Last week's cancellation of Prince of Persia: The Sands of Time (the "Remake" part of the title was dropped in 2024) really sucked for fans of the series who've been waiting years for Ubisoft to finally finish and release it. It sucked a whole lot more for people who worked on it, including voice actor Eman Ayaz, who called its cancellation "the most devastating moment of my career."
"Three years ago, I booked a life-changing role on a life-changing project," Ayaz says at the start of the video. "It was a rigorous audition process, including a self tape audition, an in-person call back, and then a chemistry read that I had to fly out of the city for.
"When I got the role, I remember crying my eyes out. And I've dedicated the last three years of my life to this project and spent those years getting to know the team, which has become like a family to me. I've watched it grow through countless stages of development and I've waited and waited for the day that it was finally going to be released and I could finally talk about it."
Instead, the whole thing was shut down—and making matters worse, Ayaz didn't hear about the canellation from Ubisoft, but from her brother, who asked her about it after reading a report about Ubisoft's restructuring last week. Prior to that, everything seemed fine: Ayaz said she'd filmed marketing for the game within the last couple months, and the team was looking forward to The Sands of Time launching later this year. The cancellation left her "in total shock," Ayaz said: Getting the role felt like an affirmation of her talent and "brought out what I honestly believe is the best performance of my career, and now nobody is ever going to see that."
It's not just a question of disappointment—the cancellation has serious practical implications for her career. Applying for a visa to work in the US (Ayaz is Canadian) "is no longer an option," which is doubly punishing when roles for South Asian Muslim women are so scarce to begin with. Ayaz remains under NDA so she can't even talk about the project in any details, and she can't share any of her work publicly so it does her no good as far as helping to secure future employment. It is, she says, "as if it never existed."
And that's the real kicker: A starring role in a big game can help launch a career, because as we've seen time and again, doing more work means getting more work. So when three years of effort ends up buried, without even audition clips to show for it, "devastating" is absolutely the right word for it.

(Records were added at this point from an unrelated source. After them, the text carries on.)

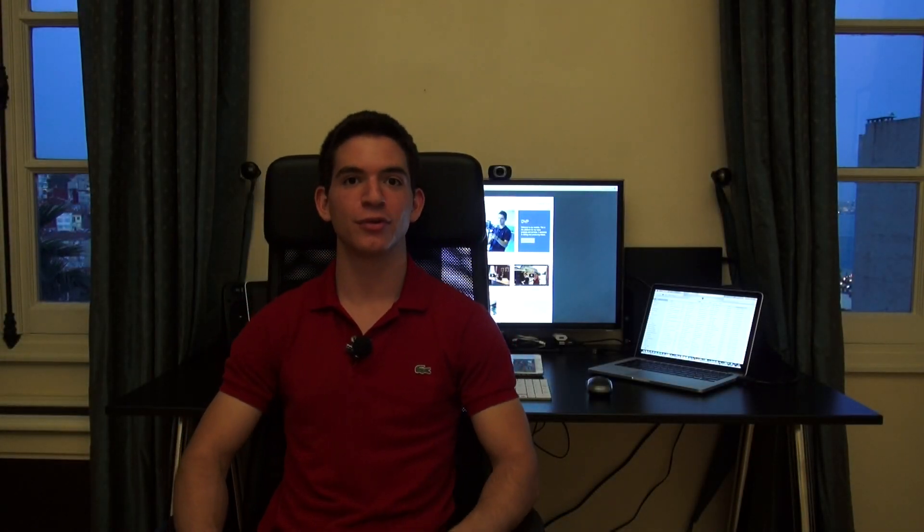Hey guys, Dejan from Dejan Video Productions here and today I'll be doing another Final Cut Pro X tutorial. Let's get started.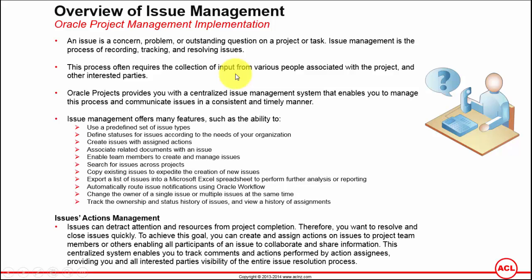For example, if the client has logged an issue that he is facing some problems in Oracle applications while doing a functional testing and he raises an issue, the project manager logs into the issue register and he then assigns it to the individual functional owner.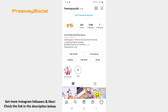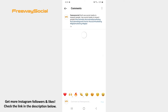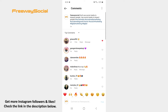Follow these steps and you will figure out how you can do it. Go to your Instagram profile tab and open the post which comments you would like to sort. After that, hit the View all comments option.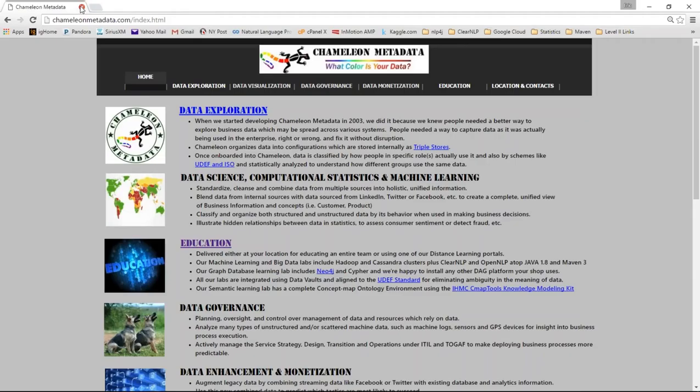Hi, this is Eric Thornton. Welcome to Chameleon Metadata's learning and education series of tutorials. I'm glad you're here today. This video is an introduction to the series.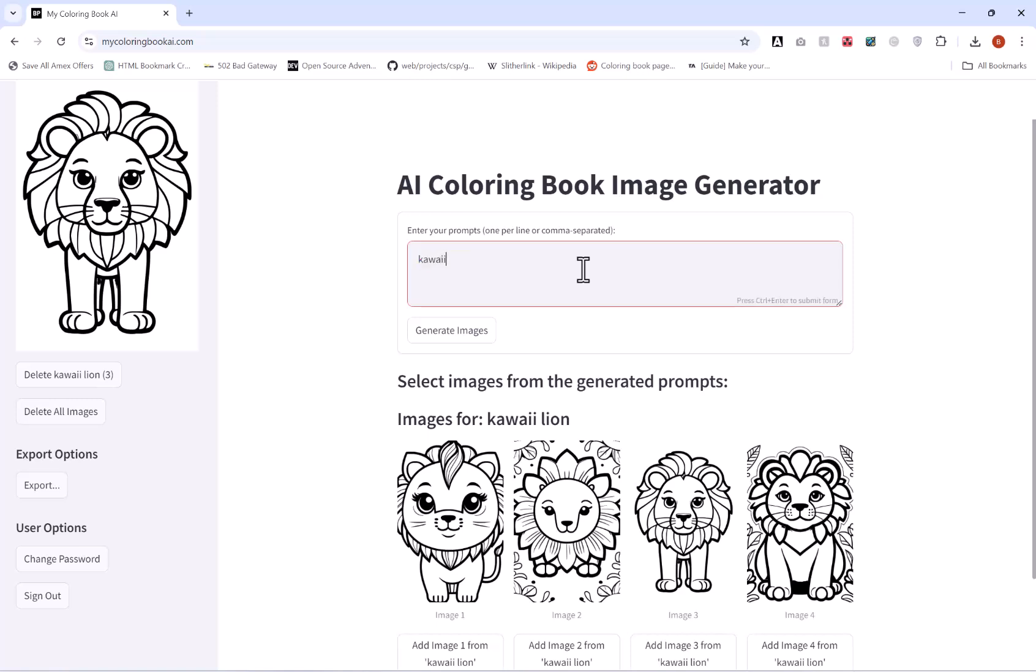For example I might go for kawaii lion, kawaii rabbit, kawaii supermarket. And you can put any amount in here, just obviously bear in mind the more you put in the longer generation time, so do bear that in mind when you are doing this. So let's go for these three. Again it can either be on a new line or comma separated, hit generate.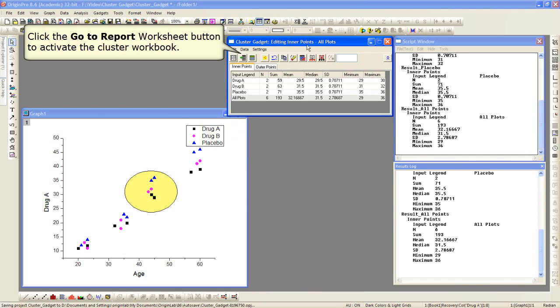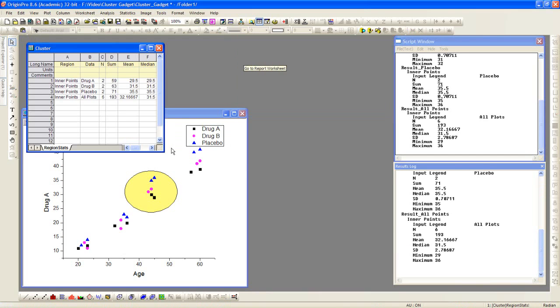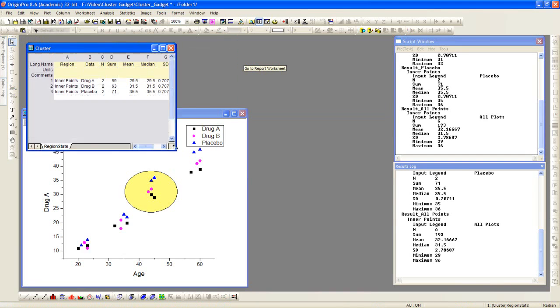We can also click the go to report worksheet button, which will activate the cluster workbook. So the results were also sent to this workbook here.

Ayaz called out risk aversion in the entertainment industry, saying "it snuffs out the audience's opportunity to experience fresh creative ventures, to respond to something daring, because we've just assumed their disinterest before they've even had the opportunity to react for themselves. And at times like these, it feels like marginalized stories are the first to be cut because they're deemed non-essential."
"Sadly, the entertainment industry is not really just about entertainment. It's about guaranteeing a cash flow. And that means making decisions that treat people's lives as collateral damage and art as disposable content."
Prince of Persia: The Sands of Time seemed a sure-fire win for Ubisoft, a company desperately in need of one, and one person claiming to be a developer on the game said on Reddit recently, as Ayaz did, that it was indeed close to release. But close is not the same as ready, the purported dev continued, and "sometimes leadership decides stopping the bleeding is cheaper than releasing something they're not confident in, even if it hurts and feels wasteful from the outside."
And Prince of Persia: The Sands of Time did exist, Ayaz says, even if it will never be seen, and despite everything, that matters. "So many talented artists devoted countless hours of their lives to make this happen. And that doesn't just disappear. It'll be in our hearts forever, as freaking corny as that sounds. And this project taught me what I'm capable of. It showed me true joy, passion, kinship, artistry. Those things I'm going to keep with me forever. Those things will serve as the flame to keep me going."